5.1.2. Small-Object Detection
- High-resolution OVOD architectures: Designing OVOD models that can process high-resolution imagery efficiently and maintain fine-grained spatial detail throughout the network is crucial. This may involve exploring novel multi-scale backbones or attention mechanisms tailored for small-object feature preservation.
- Context-enhanced alignment: For small objects, surrounding context often provides critical clues. How can we design models that explicitly leverage contextual information (e.g., a “boat” is on “water”) to aid the visual–semantic alignment for the small object itself? This could involve graph-based reasoning or attention mechanisms that correlate object proposals with their environmental context.
- Super-resolution as a pre-processing step: Investigating the use of generative super-resolution techniques to “hallucinate” details for small objects before feature extraction could be a viable, albeit computationally expensive, strategy. The challenge is to ensure the generated details are faithful and do not introduce misleading artifacts.
5.1.3. Fine-Grained Recognition
- Hierarchical and attribute-based prompting: Instead of a single class name, can we use more descriptive, attribute-based prompts (e.g., “a long vehicle with a flat roof”, “a small four-wheeled vehicle”)? Developing methods that can parse and reason about such compositional queries is a key research area. Hierarchical prompting (e.g., querying for “vehicle” first, then refining to “truck” or “bus”) could also be a viable strategy.
- Injecting domain-specific knowledge: Can we explicitly inject domain knowledge into the model?

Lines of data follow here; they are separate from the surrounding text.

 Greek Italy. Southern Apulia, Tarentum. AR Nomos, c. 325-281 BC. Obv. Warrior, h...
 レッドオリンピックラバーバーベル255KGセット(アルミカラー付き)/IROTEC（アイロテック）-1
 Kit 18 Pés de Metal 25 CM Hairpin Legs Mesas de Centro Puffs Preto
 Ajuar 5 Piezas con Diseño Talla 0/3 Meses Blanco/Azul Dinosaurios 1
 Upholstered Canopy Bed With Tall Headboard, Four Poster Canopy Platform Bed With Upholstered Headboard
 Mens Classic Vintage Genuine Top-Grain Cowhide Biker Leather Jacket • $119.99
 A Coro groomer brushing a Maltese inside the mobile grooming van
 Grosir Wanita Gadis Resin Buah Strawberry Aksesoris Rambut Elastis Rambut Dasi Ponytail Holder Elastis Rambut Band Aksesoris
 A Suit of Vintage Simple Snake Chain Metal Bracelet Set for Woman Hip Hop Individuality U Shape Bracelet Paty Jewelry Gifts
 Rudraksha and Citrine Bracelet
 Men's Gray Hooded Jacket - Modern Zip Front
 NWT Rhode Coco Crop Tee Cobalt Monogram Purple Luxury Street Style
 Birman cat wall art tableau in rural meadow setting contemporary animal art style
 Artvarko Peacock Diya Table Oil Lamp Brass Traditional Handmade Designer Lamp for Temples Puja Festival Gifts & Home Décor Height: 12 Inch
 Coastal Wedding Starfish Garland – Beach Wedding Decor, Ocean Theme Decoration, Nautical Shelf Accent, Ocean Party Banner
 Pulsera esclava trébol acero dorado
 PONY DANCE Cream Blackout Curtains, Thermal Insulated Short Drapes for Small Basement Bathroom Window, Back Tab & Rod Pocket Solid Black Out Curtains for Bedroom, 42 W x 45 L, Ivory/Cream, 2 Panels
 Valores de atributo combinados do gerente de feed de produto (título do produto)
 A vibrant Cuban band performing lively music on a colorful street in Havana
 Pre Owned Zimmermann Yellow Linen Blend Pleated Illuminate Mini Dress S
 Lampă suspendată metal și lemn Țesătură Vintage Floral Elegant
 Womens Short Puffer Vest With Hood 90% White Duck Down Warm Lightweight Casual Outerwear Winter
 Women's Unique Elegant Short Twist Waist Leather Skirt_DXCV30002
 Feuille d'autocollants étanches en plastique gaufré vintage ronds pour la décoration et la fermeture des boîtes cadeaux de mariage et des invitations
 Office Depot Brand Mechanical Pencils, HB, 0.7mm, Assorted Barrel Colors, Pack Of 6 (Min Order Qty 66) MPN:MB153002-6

For example, a knowledge graph could inform the model that “buses are typically longer than SUVs” or that “fishing boats are found near coastlines”. Integrating this symbolic knowledge with the model’s learned representations could significantly improve fine-grained accuracy.
- Few-shot fine-grained learning: In many applications, an operator may want to find a new, specific type of object. This requires the model to learn a new fine-grained category from just one or a few visual examples, a challenging few-shot learning problem within the OVOD context.
5.1.4. The Trade-Off Between Efficiency and Performance
- Model compression for OVOD: Research is urgently needed in adapting model compression techniques for OVOD models. These techniques include the following: Quantization: Reducing the precision of model weights to decrease memory usage and accelerate computation on compatible hardware. Pruning: Removing redundant weights or network structures to create a smaller, sparser model. Knowledge distillation: Training a small, efficient “student” model to mimic the output of a large, high-performance “teacher” VLM. The key challenge is how to effectively distill the rich and open-vocabulary knowledge.
- Efficient OVOD architectures: There is a need for the design of novel, lightweight network architectures specifically for edge-based OVOD. This might involve hybrid CNN-Transformer models or architectures that are optimized for the specific hardware accelerators found on UAVs.
- Cloud–edge collaborative systems: An alternative approach is a hybrid system where the UAV performs lightweight, onboard pre-processing (e.g., detecting potential regions of interest) and transmits only relevant data to a more powerful ground station or cloud server for full OVOD analysis. The primary challenge here is managing communication latency and bandwidth.
5.2. Limitations of Text-Prompting Methods
5.2.1. Ambiguity and Robustness of Text Prompts
- Automated prompt engineering and refinement: Can we develop methods that automatically generate or refine text prompts to be optimal for a given task or dataset? This could involve learning a mapping from a user’s high-level intent to a set of effective, low-level prompts.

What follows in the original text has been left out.